The Story Behind Bizarre Tree-Climbing Goats of Morocco

The goats cannot digest the nuts. Instead, they strip away the skin, devour the pulp, and swallow the nut whole. The nut then passes through the goats’ digestive systems, softening in the process, before being passed in the excrement. The nuts can then be gathered and ground to produce argan oil.

Written by August 13, 2019 14:04

New Delhi: Looking like goat-shaped baubles decking out a tree, what’s driving this seemingly odd sight is the creature’s immense craving for a tasty snack. You may come across rather an unusual sight when traveling in some areas of Morocco: goats perched on the branches of trees, happily munching on fruit.

In south-western Morocco, acrobatic goats climb argan trees to eat their fruit and leaves. A tree full of goats is a striking sight, but the goats’ widely overlooked habit of regurgitating and spitting out the nuts may be important to the life of these forests.

Why do Moroccan Goats Climb Trees?
The cloven-hoofed goats in Morocco only climb one particular type of tree: the Argania spinosa, typically referred to as the argan tree. The tree is endemic to southwest Morocco. A prickly and thorny tree, it produces small yellowish flowers, which then produce a fairly small fruit. The fruit’s seed is within a nut, which is further surrounded by soft flesh and a tough outer skin.

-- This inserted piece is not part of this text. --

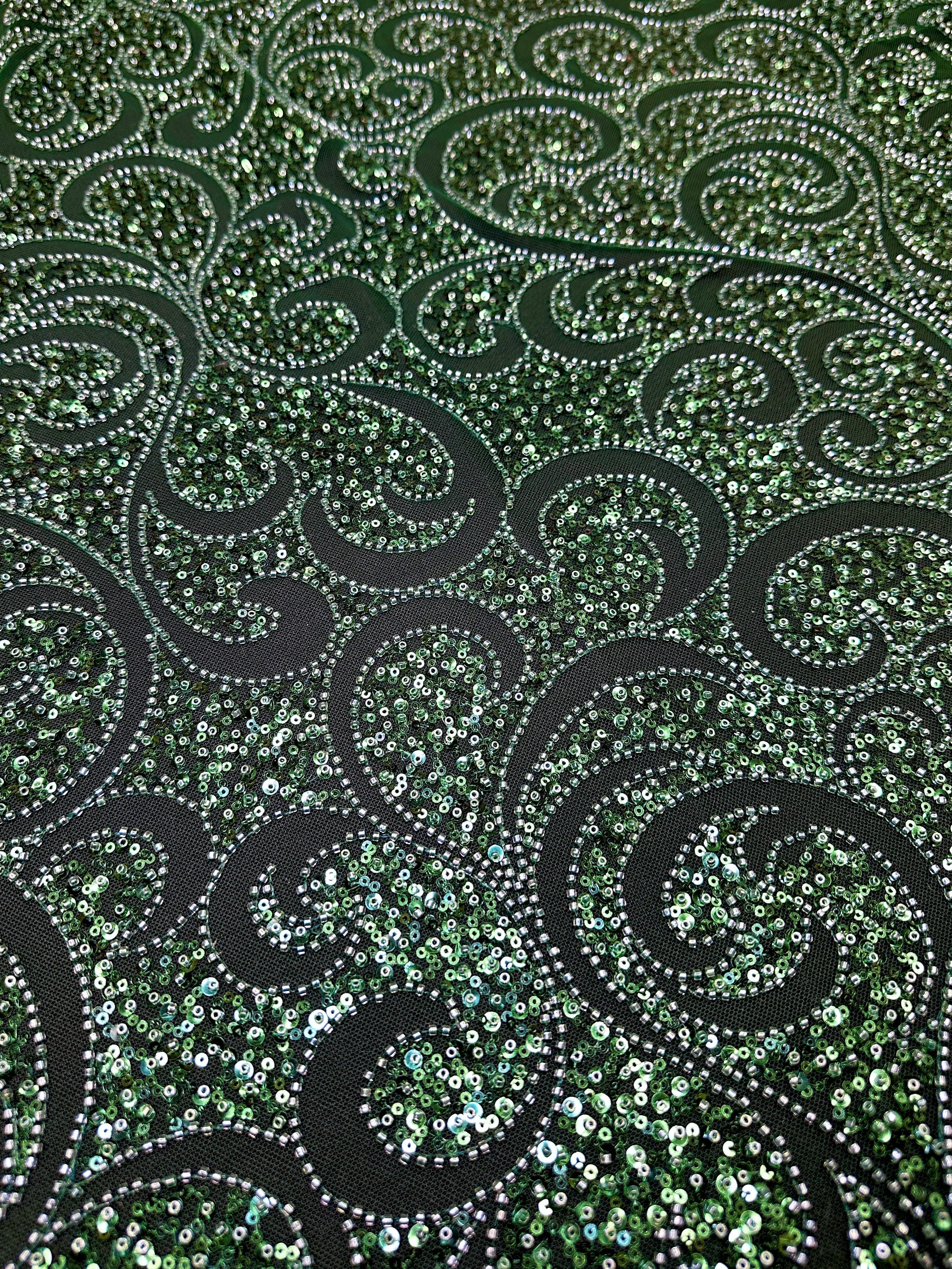 Emerald Green Sequin Beaded Scroll Lace on Mesh - Image 2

The fruit’s pulp is what attracts the goats to the argan trees. While the creatures will happily keep all hooves firmly on the ground and graze on low-hanging fruit, once they have gobbled the easy-to-reach produce they will scramble up into the tree in search of more. The fruit is not consumed by humans.

In a country where food sources can be scarce for wildlife, Moroccan goats discovered a meal that they both enjoy and do not need to compete for. Kept away from the trees until the fruit is ripe (maturing takes more than a year), farmers actively encourage the goats to climb the trees for a good feed as soon as the fruit is ready. There are several reasons why.

Traditional Role in Agriculture and the Argan Oil Industry
The nut of the argan tree is used to produce the much-sought-after argan oil, an oil that is thought to have many beneficial properties and is used for both culinary and cosmetic purposes. So why would the farmers want the goats to eat the fruit?

The goats cannot digest the nuts. Instead, they strip away the skin, devour the pulp, and swallow the nut whole. The nut then passes through the goats’ digestive systems, softening in the process, before being passed in the excrement. The nuts can then be gathered and ground to produce argan oil.

Although the goats played a major role in the argan oil industry in times gone by, the growing demand and market for argan oil products have led to other ways being used to mass-produce the oil. Additionally, oil extracted from excreted kernels is typically only used for cosmetic reasons. Unlike kopi luwak (also known as civet coffee), people aren’t so keen on consuming something that came from, essentially, poop!

Local farmers have also encouraged the goats’ craving, owing to the animals’ rather lucrative poop. The seeds are indigestible, so once the goat has done the tricky work of eating the fruit from the high branches, the goat herders collect some of the seeds from the excrement, for processing into oil.
Argan oil is a valuable export for Morocco. It’s sold in wealthier countries as pricey cosmetics and food. The oil generates more than $6.5 million (€5.7 million) per year for Morocco’s economy.